While a core of Eagles remain ― most notably captain beater and keeper Marc “Big Markus” Garganté, former Team Catalonia coach Chema Hidalgo López, team founder Alba Arrieta, and team coach Pau “Silver” Pérez Casas ― the task of making the upper bracket will be a challenge with a squad of only 13, particularly during seeker play with a lack of non-male players. However, Faby Echeverria, on study abroad from Florida International University with years of USQ experience, and seasoned basketball players Eric Armengol and Abraham Giménez, are welcome additions to the squad this season.
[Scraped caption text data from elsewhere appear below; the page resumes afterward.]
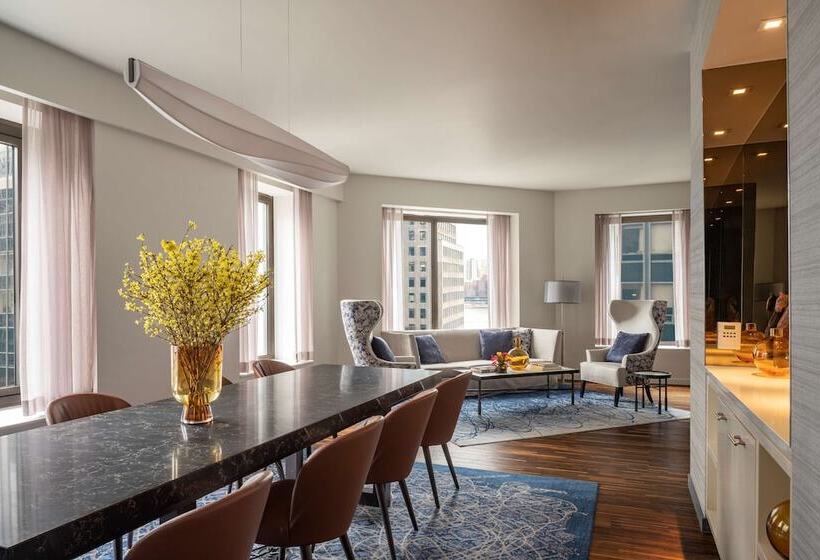 高级套房, Hyatt Centric Wall Street New York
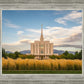 Oquirrh Mountain Beyond the Veil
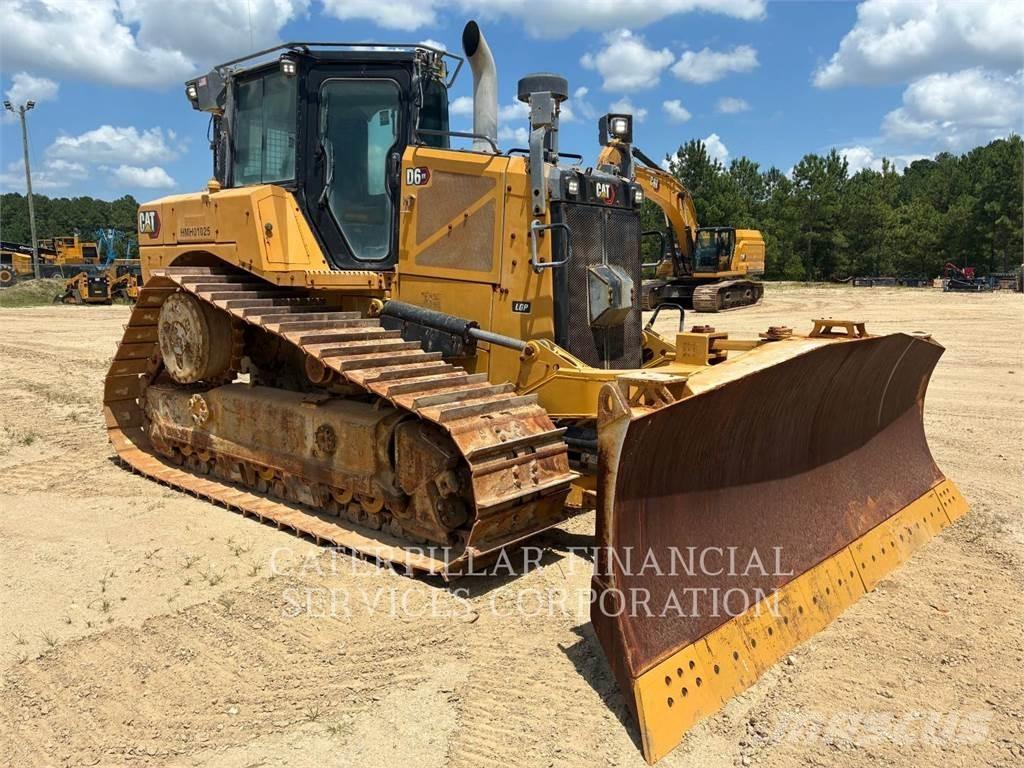 CAT D620XEVP Telaketjupuskutraktorit
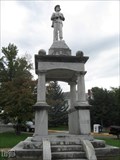 Image for Page County Confederate Soldiers Monument - Luray VA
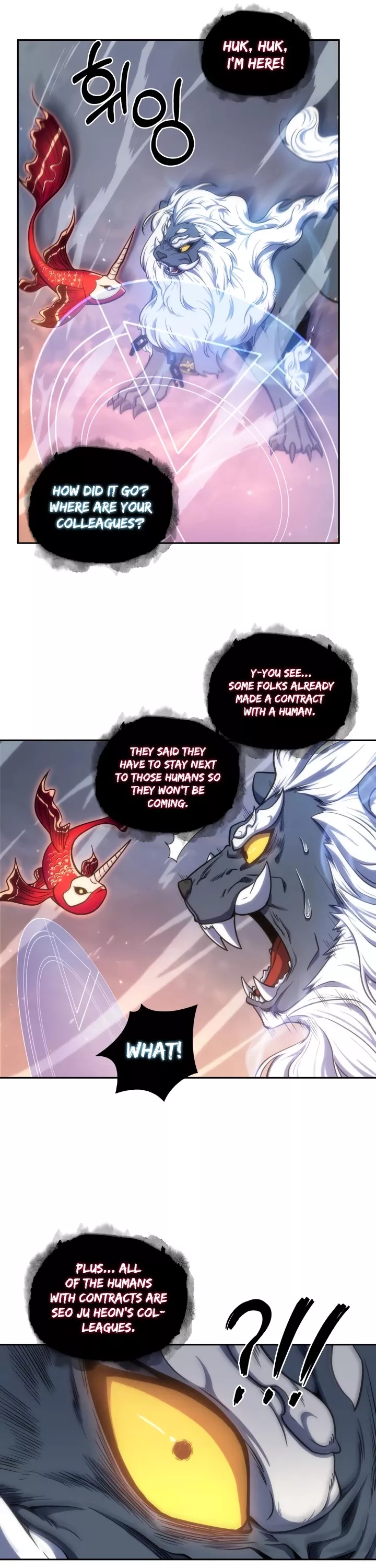 Tomb Raider King, chapter 231, image 15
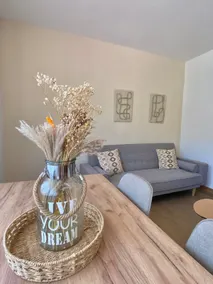 Nice house with BBQ, garden & terrace | Garden view | Pets allowed - Image 3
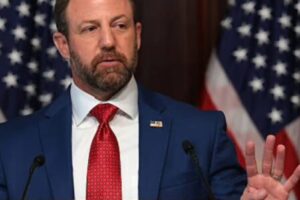 Senator Markwayne Mullin Warns States: Back Trump's Election Security Plan or Risk Losing Federal Funding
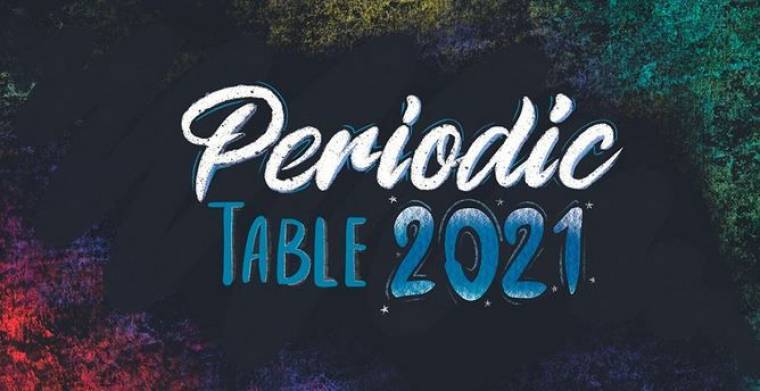Periodic Table 2021 Apk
As ever, the Eagles suffer at the hands of Spanish geography with a lack of challenging opponents to play between events like EQC and European Games. They soundly dominated their main Catalan rival, Nightmare Grims, at the Catalan Cup III in November 2016, and with their exception of their own Barcelona Moustaches Time tournament, rarely get opportunities to perform competitively.
Rumours that much of the Eagle ‘old guard’ will be retiring or moving elsewhere after this summer’s European Games, coupled with the impressive growth of new local competition the UAB Ashwinders, could spell the end of the Barcelona side’s EQC run. To finally see the Eagles make a divisive show into the upper bracket that has been so tantalisingly close before would be a dream ending for a team in its last iteration of its current form.
Three River Dragons Passau
By Lena Mandahus
The Three River Dragons Passau narrowly missed out on last year’s EQC spot, but after coming in second place in an exciting final at the German Winter Games (DQWS), they seemed to have an easy time securing their spot for this year’s tournament.
Passau took part in EQC 2015, and since then they have improved significantly. With their quick and agile quaffle players, such as Heiner Elser, Ida Meyenberg, and Marco Ziegaus, they are a force to be reckoned with, and have become one of Germany’s most physical teams. Their beaters are also well-coordinated as Felix Linsmeier, Sarah Fuchs, and Chris Häuser have played together for many years, which shows in their on-pitch chemistry. Passau were also lucky enough to recruit former Aemona Argonauts players Borut Bezgovsek, who was voted MVP at River Cup 2016, and Verena Deutsch, who was voted team world seeker at Word Cup 2016. The two of them bring even more experience into the already stacked team.
In addition to these seasoned players, there is one newcomer to watch out for: Sami Fekkak, a French exchange student who has already shown great promise with his excellent positioning and fast drives at Danube Cup 2016 as well as at DQWS in January 2017. In the final of the latter, Fekkak also showed his strength as a brilliant seeker.
With their great teamplay, a roster full of strong, experienced players, and capable new additions to their team, Passau have the potential for a strong showing at EQC.
There is no doubt that Paris Titans will dominate their group. The second day of the tournament will be a lot more interesting for the Titans, especially with teams such as Velociraptors Quidditch Club and Antwerp A looking to defeat the two-time champions. Tornadoes QC are expected to make it to the upper bracket due to their experience; however, the Three River Dragons Passau will give their all to create an upset, with their stacked roster this season they stand a chance to win against the British team. The Tornadoes vs. Passau game will certainly be interesting to watch. The Barcelona Eagles will most likely come last in their group, as their small number of female players will cause difficulty for the team.